So, my friend and I exchanged horror stories about our underdog kids—who can’t walk by themselves and can’t talk, whose health is significantly compromised, whose lives seem to balance on a thread—from here to tomorrow—perhaps equal to our own strength (luckily we and the boys are resilient as spiders silk, the strongest fiber known to man)—stories that might have been completely inconceivable except for the fact that we have lived them. As I sat next to her at the bar, looking into her clear, bright eyes, her sassy drop earrings jangling to and fro as she expressively bobbed her curly head, I realized that I was looking into a dark mirror, one that looked back at me and said, “yes, I know ... I know.” And as we left the restaurant, our bellies full and warm, my adrenaline pumping, all I wanted to do was to go out there into the world and kick some major ass.

9.11.2011

toward the sun

I remember hearing a story about a father’s last words to his four-year-old daughter. Sadly, those words were heard from an answering machine rather than face to face. He was calling on his cell phone from United flight 93 on September 11th, 2001. He told her that he’d be watching over her every day of her life.

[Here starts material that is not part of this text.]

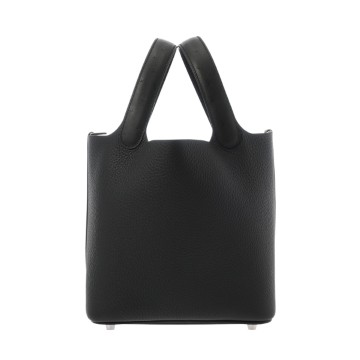 エルメス ピコタン ロックタッチPM ブラック トリヨンクレマンス/オーストリッチ レディース バッグ 【新品】【bag】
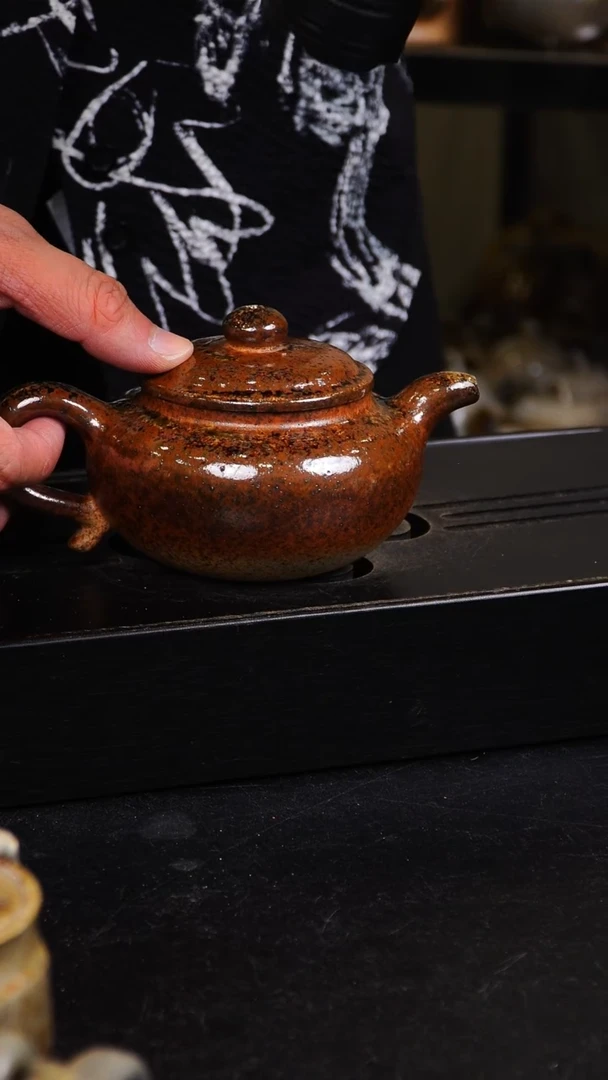 茶壶紫砂宜兴紫砂柴烧壶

Immediately, I felt the bitter twinge of that family’s loss, the loss of that little girl who’d never again see her father’s kind face. He wouldn’t be there to wrap his arms around her when she fell off of her bike and scraped her knee. Never again would he tuck her into bed, read her a story, brush the hair back from her face lovingly and kiss her goodnight. He wouldn’t be there to help with her homework, show her how to kick a soccer ball, teach her how to drive, help move her into her first apartment or embrace her at her wedding.

When it became more and more evident that Calvin’s development was severely impaired—when he continued to miss important milestones like learning how to crawl or even having the strength and coordination to keep his head up—and then when he started having seizures, I found myself tumbling into a seemingly bottomless well of despair. It was dark and cold down there, not much light save the glow off of close, dank walls. I felt I had lost what I never even had—a healthy child—a chance at experiencing the joys of parenthood like the ridiculously happy images you see in glossy pages of magazines scattered in the pediatrician’s office: the glowing, full-term melon-ripe mothers, the chubby dimpled babies, barefoot in diapers pulling colorful wooden trains at the end of a cord, the Barbie and Ken parents with kids perched on their shoulders, faces smiling toward the sun, shadows cast behind them.

Instead, I lived within a shadow that stretched as far as my eyes could see, like the scorched path of a fallen plane. I was pacing the aisles of shiny infants' toys for my four year old who still might not know how to use them, buying box after box of baby wipes, researching anticonvulsant drugs, going to the geneticist, the gastroenterologist, the neurologist, the emergency room instead of the playground, the zoo, the mother and child library music group.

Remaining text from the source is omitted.